▶ [What needs to be done]
Everything below from the line with "The picture shows" through the line with "a living room" must be retyped exactly, except the pictures.

▶ [Records shown]
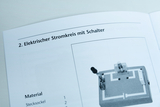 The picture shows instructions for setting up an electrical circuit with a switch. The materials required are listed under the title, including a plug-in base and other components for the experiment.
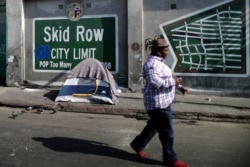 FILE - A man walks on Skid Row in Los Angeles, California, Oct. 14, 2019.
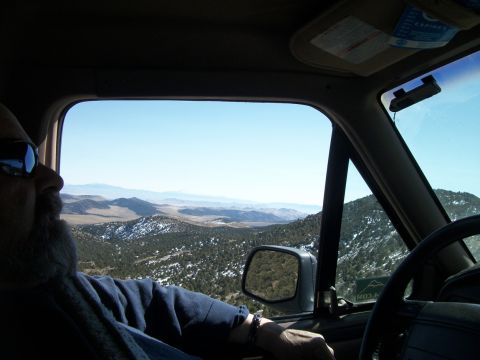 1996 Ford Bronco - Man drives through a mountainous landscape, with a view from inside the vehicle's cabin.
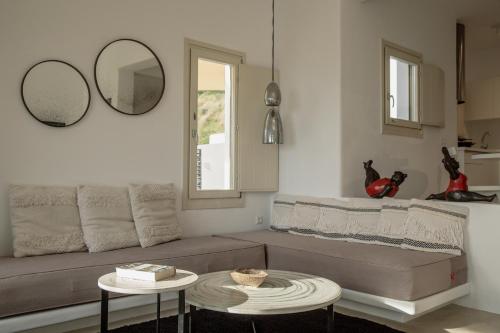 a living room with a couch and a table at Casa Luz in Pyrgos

==

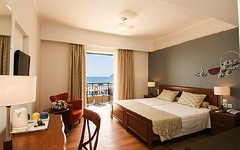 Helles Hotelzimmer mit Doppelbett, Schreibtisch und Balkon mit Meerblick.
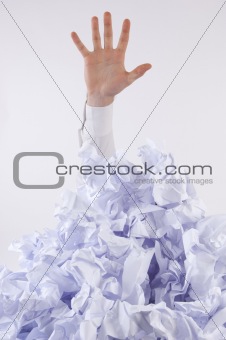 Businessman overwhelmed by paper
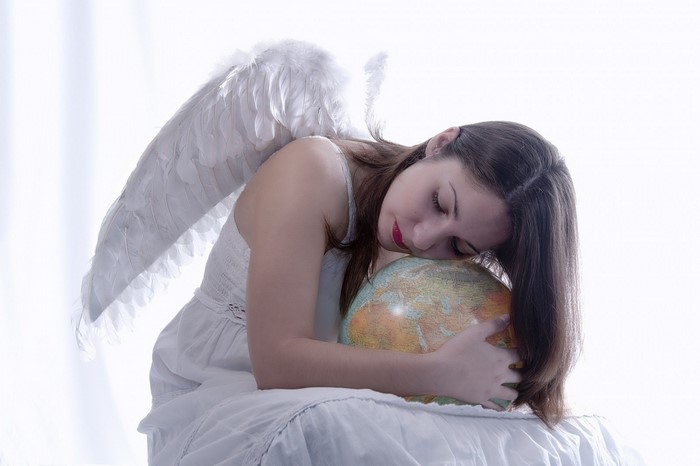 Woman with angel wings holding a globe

▶ [Exercise response]
 The picture shows instructions for setting up an electrical circuit with a switch. The materials required are listed under the title, including a plug-in base and other components for the experiment.
 FILE - A man walks on Skid Row in Los Angeles, California, Oct. 14, 2019.
 1996 Ford Bronco - Man drives through a mountainous landscape, with a view from inside the vehicle's cabin.
 a living room with a couch and a table at Casa Luz in Pyrgos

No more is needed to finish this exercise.